March 5, 2015: A350 Launch Aid: Boeing and the US Trade Representative got in a big twist around 2006 when Airbus said it would accept more than $1bn in launch aid from Germany for the A350. At that time, the US and European Union had recently launched the international trade complaints before the World Trade Organization (WTO), but the A350 came after the complaint was filed and the WTO refused the US request to add it to the proceedings.
Germany, in a political snit, later said it would withhold part of the launch aid because Airbus hadn’t promised the number of jobs in connection with the program to Germany that politicians wanted.
This has now been resolved and Germany agreed to release the funds.

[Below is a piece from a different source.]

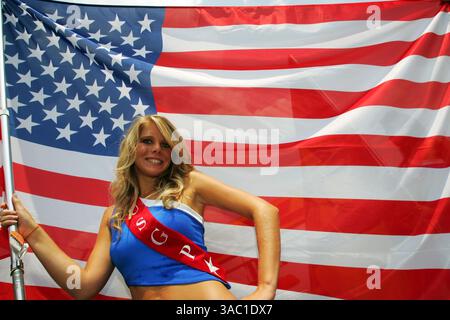 Le "ragazze della griglia" fanno parte degli sport motoristici internazionali tanto quanto il carburante ad alto numero di ottani, i tappi per le orecchie e gli incidenti ardenti. Prima di ogni gara, le ragazze della griglia prendono posizione dietro la linea di partenza, tenendo la bandiera nazionale della squadra e il numero del veicolo, o tenendo gli ombrelli sopra i piloti rivestiti in pelle per tenere il sole lontano da loro sull'asfalto bruciante. Inoltre, a quanto pare, passano un bel po' di tempo a stare in giro e a sembrare assurdamente caldi. A lungo, possano agitare. Nella foto: Grid Girl...Formula 1 World Championship, Rd 7, United States Grand Prix, Race, Indianapolis, USA, domenica 17 giugno 2007.(C Foto Stock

Long-time readers of this column know that I don’t like corporate welfare of any form, but I also recognize that as long as “Peter” does it, “Paul” must, too. Now that Airbus is more and more a true commercial company and not a predominately government-supported entity, I really, really don’t like launch aid.
But Washington State, where I live, ponied up $8.7bn in tax breaks (aka “subsidies”) to persuade Boeing to locate the 777X assembly and wing production here. The EU asked the WTO to look into these subsidies, the roots of which were found to be illegal in the earlier complaint case, and the WTO is doing a preliminary examination.
The entire topic of launch aid and tax breaks still gives me heartburn.
Emirates and the A380neo: First it was 100. Now it’s up to 200. Emirates Airline president Tim Clark has long said he’d buy 100 A380neos if Airbus builds them. Now he’s saying he’ll take up to 200.
No doubt critics Richard Aboulafia and George Hamlin will still say this is a dumb idea, especially since “only one” airline wants the airplanes. (We all have a good natured poking among us on this topic.) For Airbus, a sale is a sale and it now has a near monopoly on the Very Large Aircraft sector with the Boeing 747-8I all-but-dead. Our Market Intelligence indicates Rolls-Royce as yet is the likely the engine supplier. RR will pay for the vast majority of the research-and-development of the re-engining, meaning little investment by Airbus. For RR, the basic core architecture of the new engine will be applied to future, smaller engines so the R&D costs get spread around.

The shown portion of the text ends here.